Of 157 investors polled across the globe, 53 percent said they planned to allocate cash to credit relative value funds in the coming quarter, according to Credit Suisse's mid-year Hedge Fund Investor Survey.
This hedge fund strategy seeks to profit from dislocations in fixed income markets, and many have performed well this year after taking advantage of the U.S. bank's losing position in credit derivatives.
Robert Leonard, global head of Capital Services at Credit Suisse, said news of the funds' gains from the JP Morgan loss probably boosted the appeal of the strategy. Investors are also demanding trading styles that are less exposed to the economic headwinds causing havoc elsewhere.
"Investors have got plenty of volatility in their book right now. They are looking for strategies that are less volatile, and I think credit is one of those," he told Reuters.

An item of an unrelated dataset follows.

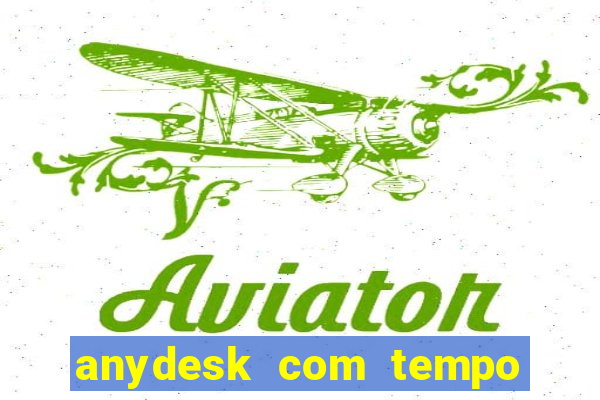 anydesk com tempo de uso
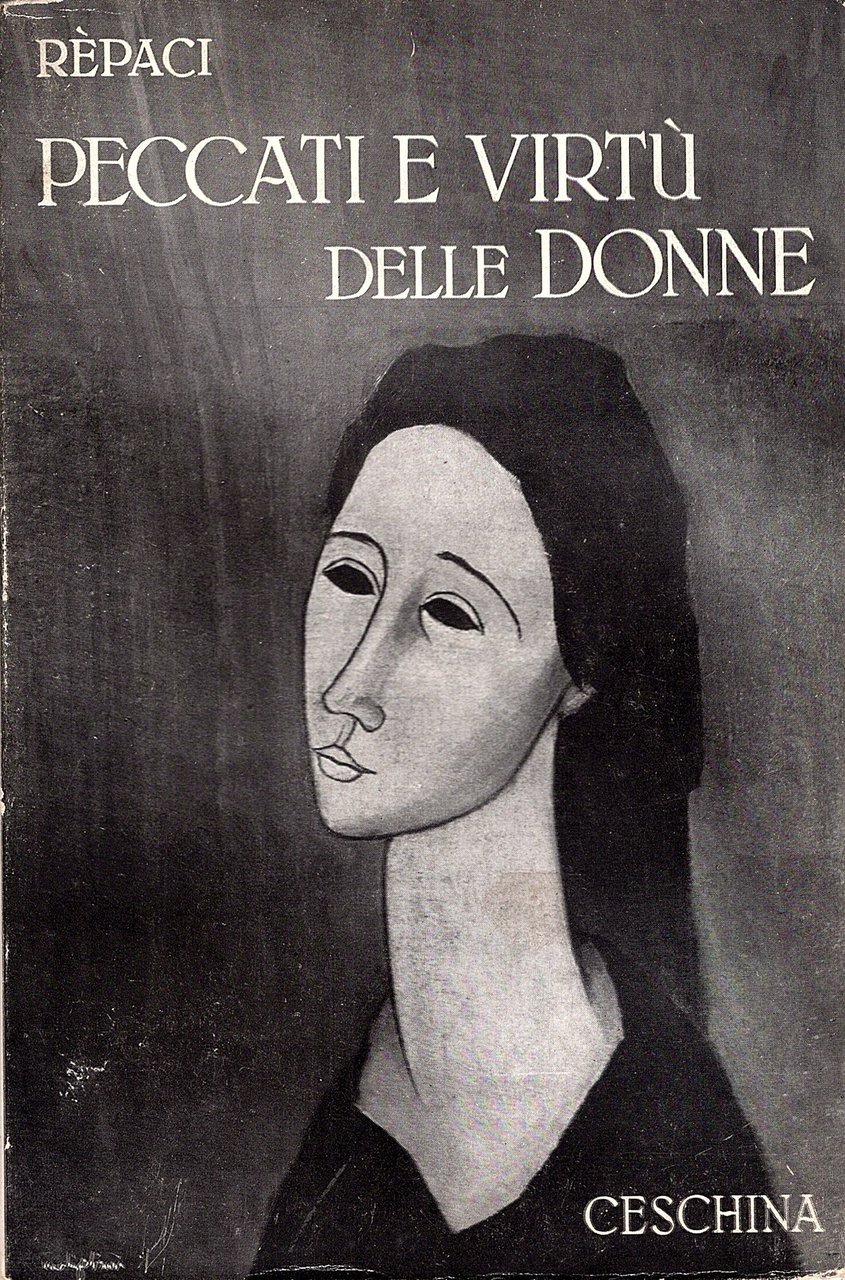 Peccati e virtù delle donne. Caratteri e ritratti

The credit relative value fund strategy was the fifth most popular when Credit Suisse conducted an earlier survey, before JP Morgan's loss came to light.
By comparison, 50 percent of the investors said they planned to increase their allocation to global macro funds, which were the most sought type of fund at the start of the year, the survey showed.
In May, JP Morgan reported a $2 billion trading loss, which then swelled to $5.8 billion, after the bank's Chief Investment Office made bets now known as "the London Whale trades" on derivatives linked to corporate debt.
The loss proved an embarrassment for the bank and led to criticism of boss Jamie Dimon. The outsized bets also distorted the price of certain credit derivatives and offered shrewd hedge funds a chance to profit when the bank was eventually forced to sell.
According to Hedge Fund Research, the HFRI Relative Value (Total) Index was up 4.18 percent to mid-July, more than double the 1.87 percent average hedge fund gain.
Some individual credit relative value funds have performed even better.
BlueMountain, the firm co-founded by Andrew Feldstein, has seen its Credit Alternatives Fund rise by more than 10 percent by mid-July, while Brevan Howard's Credit Catalysts Fund was up more than 7 percent, private investor data shows.
Some funds such as Boaz Weinstein's Saba Capital have since exited their bets against JP Morgan, but other managers still remain confident dislocations elsewhere in credit markets will offer new opportunities, fund sources said.
Meanwhile, the results of the Credit Suisse survey may worry managers of equity long-short funds.
Yet to rebound from a poor 2011, the strategy is set to suffer the most withdrawals in the coming quarter as 26 percent of investors indicated that they planned to cut exposure.
"The good news is we haven't see a big exodus from the space ... But I do think in the second half of the year, that is going to be a different story. It's going to be a time when a lot of investors draw conclusions based on how their managers perform," Leonard said.
More than four-fifths of investors polled expect to make allocations to hedge funds in the coming quarter, and 63 percent indicated that they had made allocations in the past quarter, the survey found.